Most instant foods are sold as dry mixes. These mixes thus require the consumer to prepare by reconstitution. Usually this involves water or other basic liquids commonly sold, i.e., juices, milk, broth. The reconstitution could require the use of heat.

The commercial process to manufacture these dry mixes usually involves the blending of several ingredients before packaging. Starches used in these foods are typically of low moisture content. Instant starches are usually less than 5% moisture and if cook-up starches are incorporated, they would most likely possess a moisture of less than 10%. Usage levels for added starch is typically 8%-15% based on mix weight.

Instant foods can and are produced commercially via spray-drying preblended mixtures, or utilization of freeze-drying, drum-drying, or extrusion. Starches used in foods of this type generally contribute to the product functionality and characteristics. Viscosity, texture, stability, appearance, and eating quality can be either controlled or affected by the incorporation of starch.

Instant foods processed via spray-drying, drum-drying, or extrusion may not support the use of added starches.

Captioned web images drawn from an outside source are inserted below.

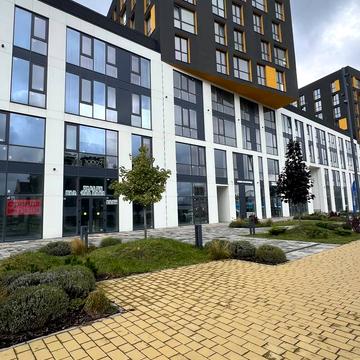 Богдана Хмельницького вул., (ЖК Вежа (будинок 1))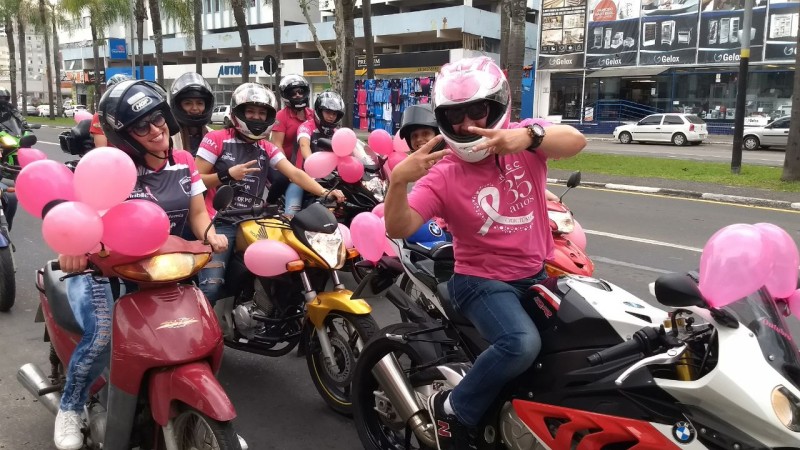 As motos nas ruas para saudar o Outubro Rosa
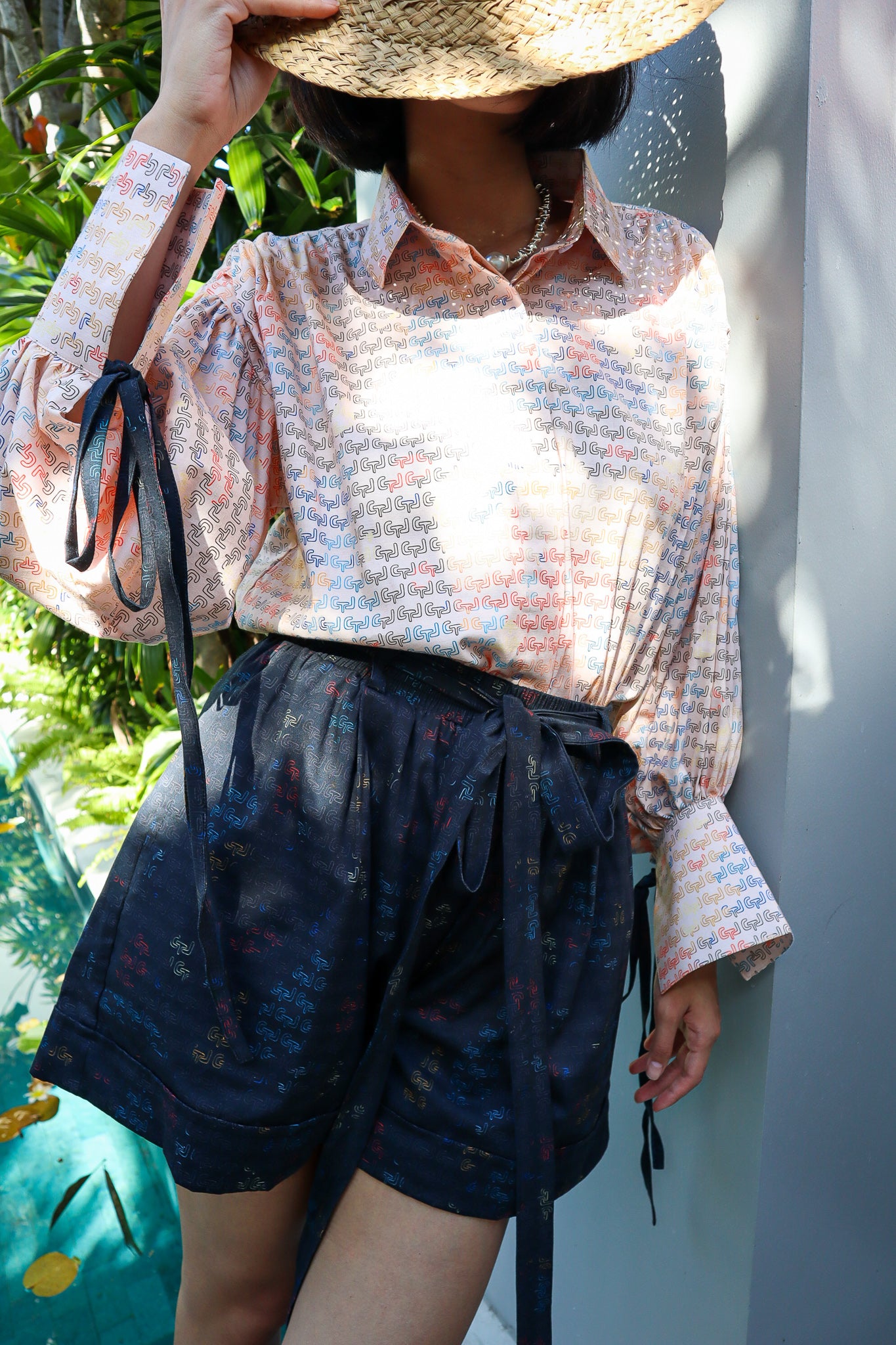 CTL BLACK RIBBON SHORT PANTS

The process may adequately gelatinize any natural starches within the mix.

Instant mixes formulated with instant modified starch usually require the addition of ingredients for dispersion. Such products may already be included in the product formula, but if not, ingredients such as sucrose, dextrose, low-DE sweetener solids, maltodextrins, and/or flours can be used as the dispersing aids. These will eliminate or significantly reduce the potential of lumping or “fish eyeing,” as it might be referred to.

Some manufacturers have utilized the technique of agglomeration, as a method to reduce lumping during hydration. Another method may be to request not only a modified instant starch, but one of coarser particle size. The larger particle reduces the surface area available for hydration and thus results in slower water uptake. It can produce a somewhat initial grainy texture as compared to the other accepted procedures. Also the reverse is possible by utilizing a finer particle size, thus increasing surface area and increasing hydration rate.